Dev-Jam 2008 is officially underway. Monday morning I gave my “State of OpenNMS” speech, and then turned it over to Matt.

Since last year’s conference we’ve had ten releases of OpenNMS. This was mainly due to Ben’s repackaging of the application into the distro-specific bits (that rarely change) and the main Java code. Ben is an amazing packager (he is an admin with the fink project) and this took our release cycle from two days to about two hours. The best part is that anyone can build their own packages, since OpenNMS doesn’t require commercial packaging tools like Bitrock.

Speaking of releases, next week we hope to release 1.5.94 which will be the release candidate for 1.6.0. If all goes well, we should have a new stable by the end of August. We are then hoping to start work on 1.8 which will focus on capsd and notifications. The goal is a six month, focused release cycle.
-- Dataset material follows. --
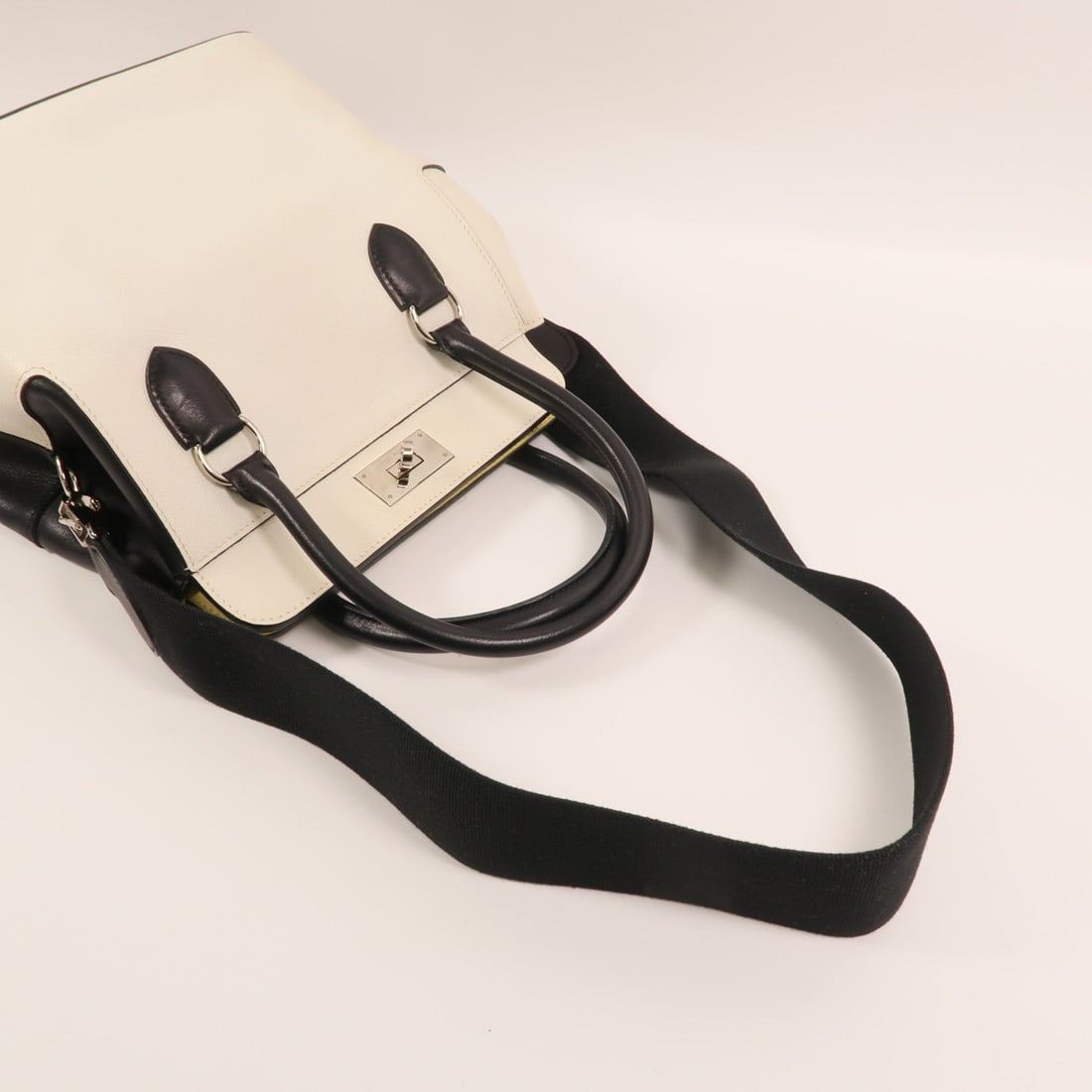 Hermes Toolbox 20 Tricolor - 8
We also took care of some overdue business by awarding two people their green polo shirts. Alejandro Galue joins us from Venezuela, and he has worked quite a bit on our thresholding system. Craig Gallen hails from the UK (although he is Irish) and has been instrumental in our work with NGOSS. He has also attended all four Dev-Jams. While they both were inducted into the OGP last year, I wasn’t able to get their polos made until now (I have to do some special stuff with Lands End to get the proper color green).

I then spent a lot of time chatting about the future direction of the application, as well as updating the team on some of the more private aspects of the project. While The OpenNMS Group provides financial support for OpenNMS, it is the OGP that is responsible for its governance, and even though we are open source that doesn’t mean we do everything publicly (grin). There are some amazing things on tap for the next year.

I then turned it over to Matt and we started setting up the projects to work on during the week. We’re using a format similar to barcamp, and we’re tracking it on the wiki. I’m focusing on writing the new OpenNMS book, which is also available on the wiki.

It looks like it is going to be a great week.